Our nation's complex and oppressive history with white supremacy impacts how we collect and interpret data on race and ethnicity. BIPOC communities have historically been treated as monolithic groups, especially in national and state surveillance health surveys. For example, among Asian Americans, there is a wide spectrum of education, household income, and English language proficiency, with Asian Indians in the higher range and Bhutanese and Burmese in the lower range of these socioeconomic indicators. By aggregating these socioeconomic indicators among all Asian Americans, the specific health and mental health needs of each sub-group remain underexplored. Similarly, studying the aggregate of Latin* ethnicity masks the diversity seen in immigration history, legacies of colonialism in their countries of origin, and other structural barriers that impact health and mental health outcomes. Neglecting to examine the diversity of BIPOC communities perpetuates and upholds stereotypes and ignores the sub-group specific disparities and inequities experienced.
Through this roundtable we aim to underscore the implications of such research practice and have a salient discussion about action-oriented solutions to the disparities resulted by the social construction of race. The panel will consist of doctoral students, post-doctoral fellows, social work faculty and practitioners from the field. The panelists will discuss their personal and professional experiences navigating challenges with current aggregated race and ethnicity data.

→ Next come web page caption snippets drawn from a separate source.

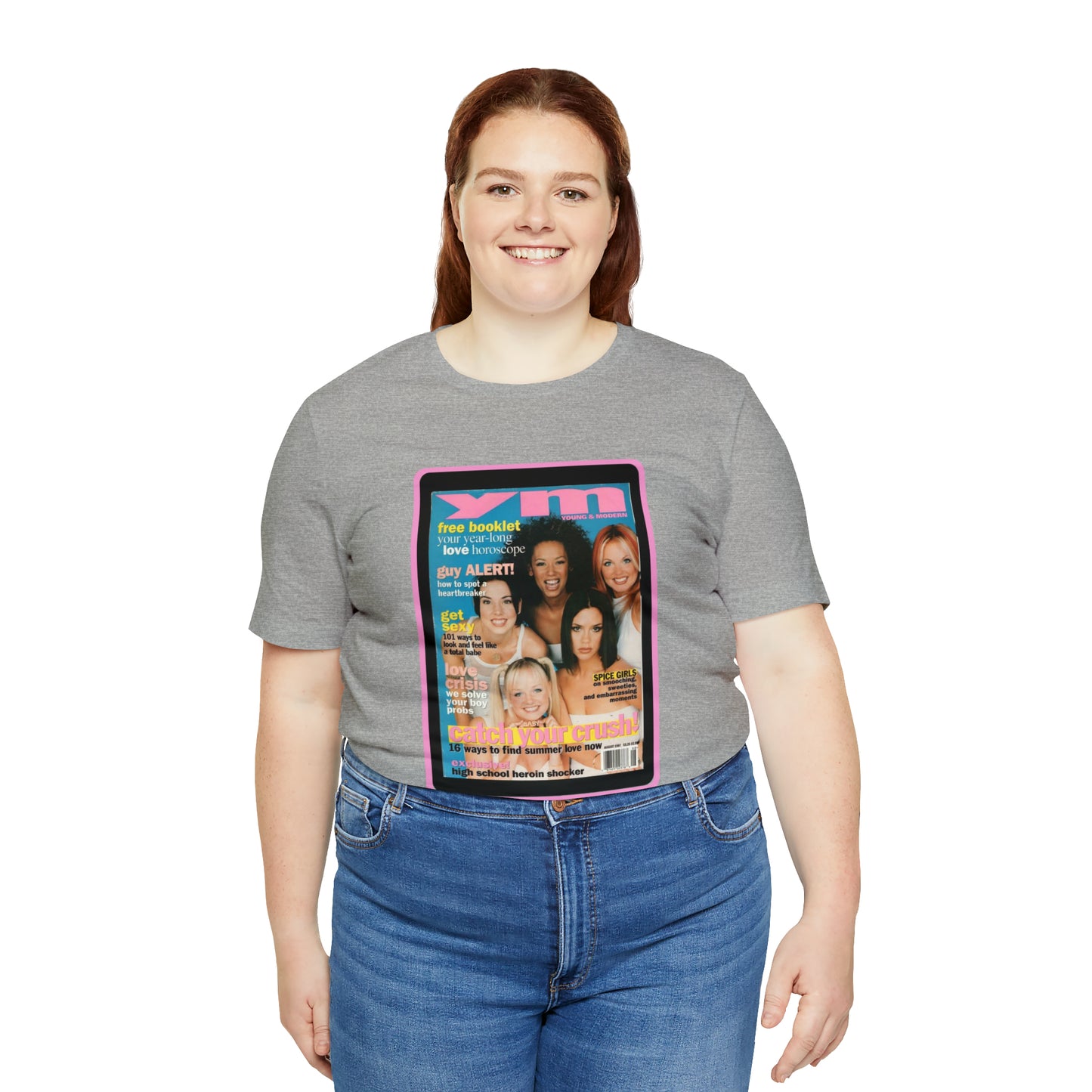 90s Throwback Spice Girls Unisex Jersey Short Sleeve Tee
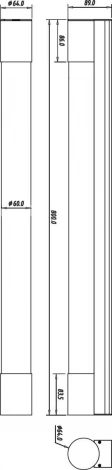 Настенный светильник линейный IP44 светодиодный для зеркала Deko-Light Aquarii 687091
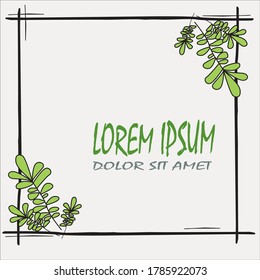 Plant-shaped frames, for decoration photos or wedding invitations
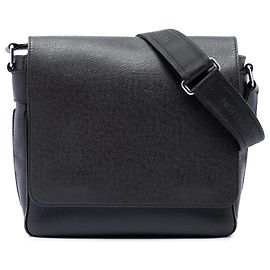 Louis Vuitton Black Taiga Roman MM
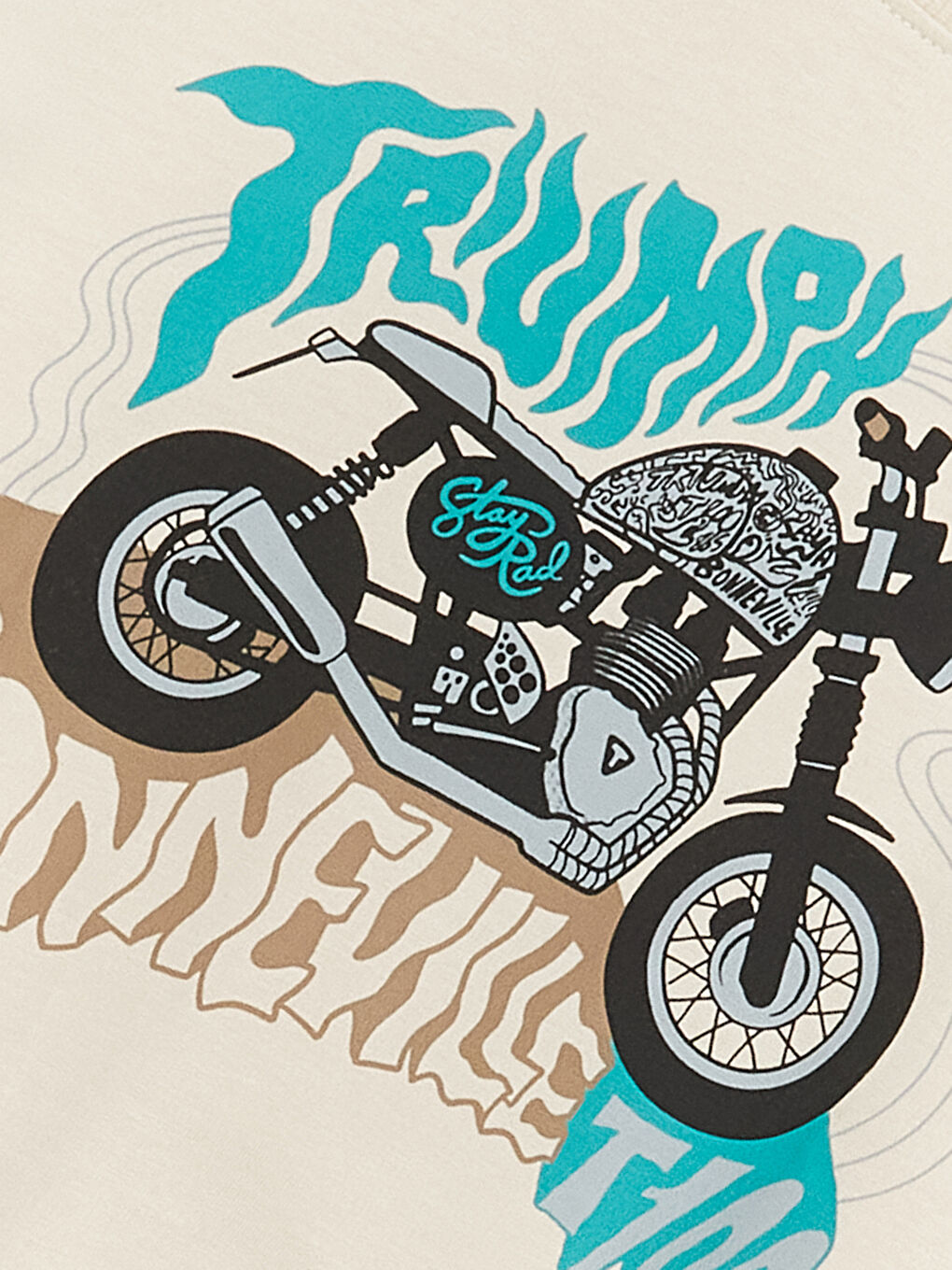 Bej Bisiklet Yaka Uzun Kollu Erkek Çocuk Sweatshirt ve Eşofman Alt 2'li Takım-5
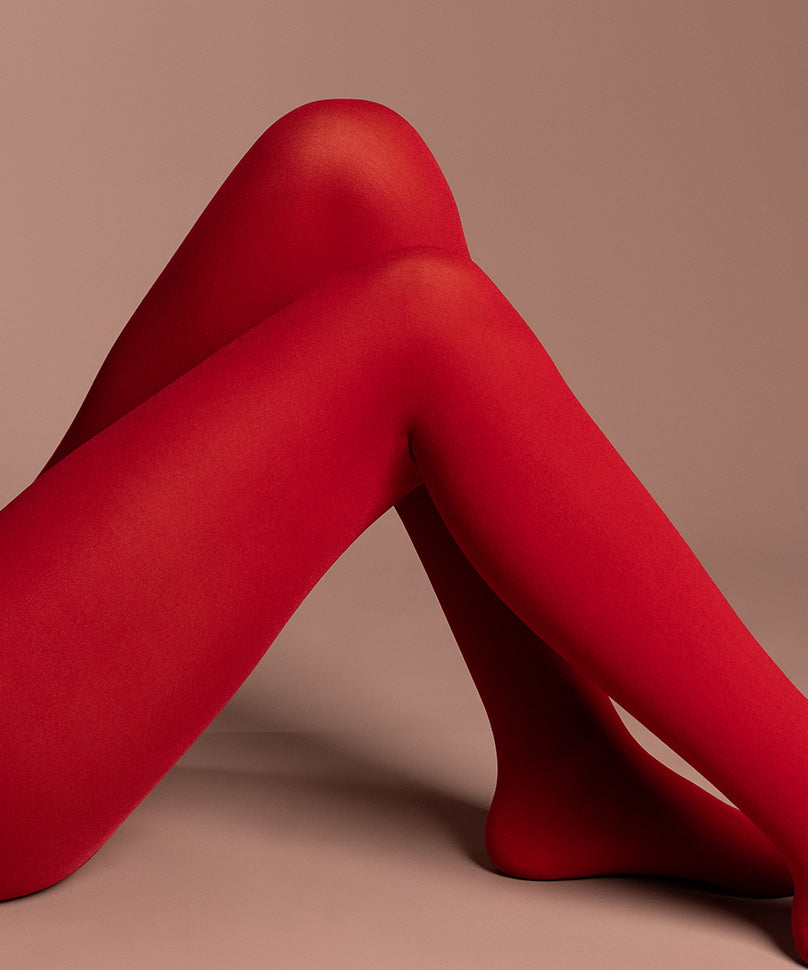 Claret Opaque Stockings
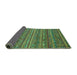 Sideview of Abstract Turquoise Modern Rug, abs4703turq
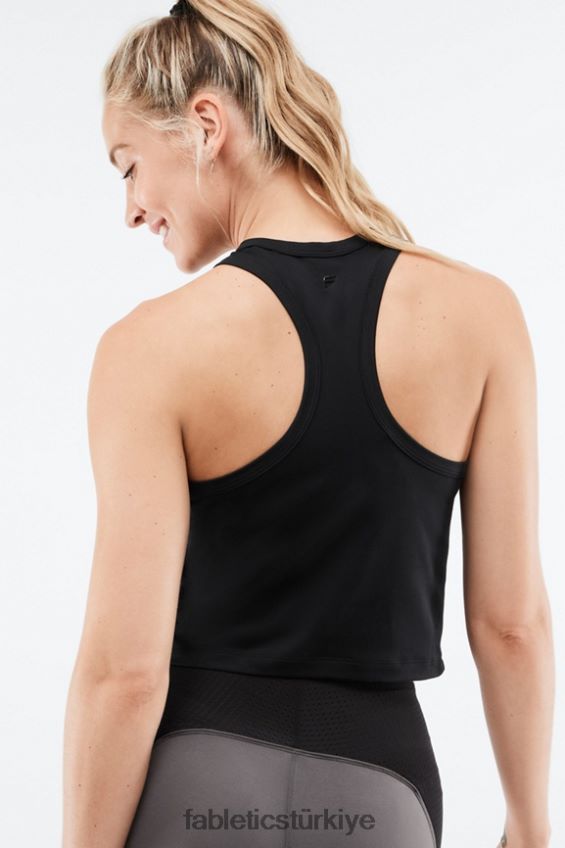 tr Fabletics kadınlar dry-flex klasik tank siyah 40R06B2217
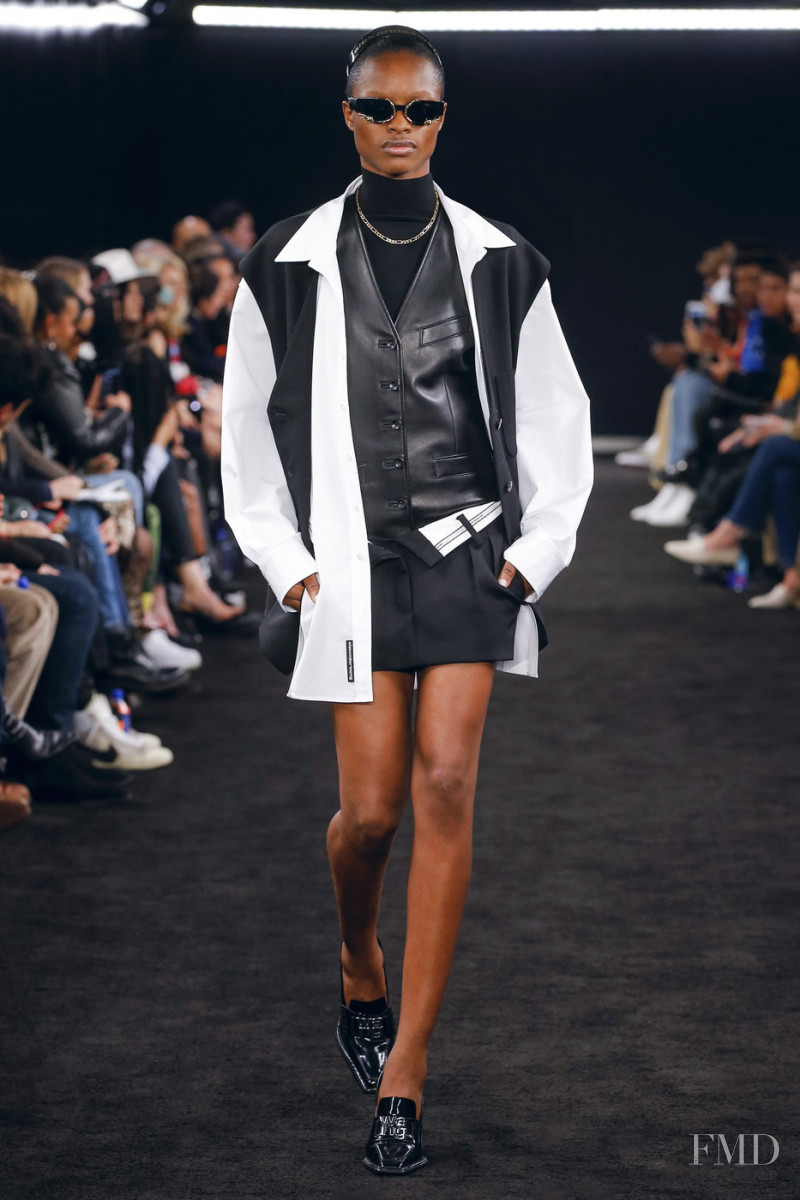 Mayowa Nicholas featured in  the Alexander Wang fashion show for Autumn/Winter 2019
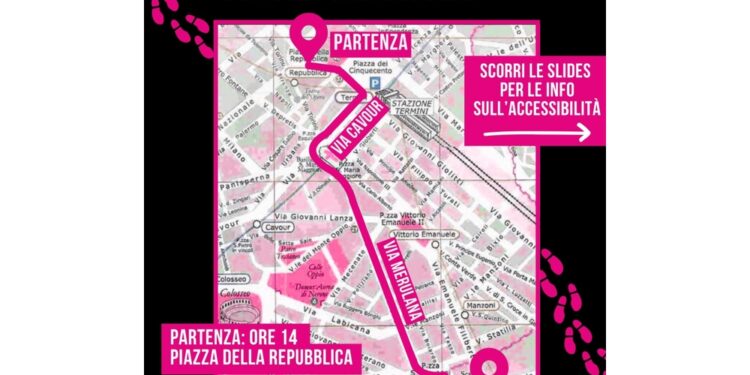 Lo slogan della manifestazione: 'Sabotiamo guerre e patriarcato"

Key questions for discussion: 1. How does our nation's complex and oppressive history with white supremacy impact how we collect data on race and ethnicity? 2. What are the current limitations of aggregated data for research, practice, and policy in the field of social work? 3. Why should social workers push for the collection and use of disaggregated data in our research, practice, and policy? 4. What are recommendations for social work to move towards promoting and collecting disaggregated race and ethnicity data?
Social work researchers need to be at the forefront of demanding disaggregation of data and finding innovative ways to collect this information. Data disaggregation allows for more accurate and targeted research that centers the lived experiences of diverse groups, while capturing and addressing the nuanced needs and disparities among these groups. As the social work field advances in social-justice oriented research, practice, and policy, data disaggregation should be adopted as a standard practice for health equity.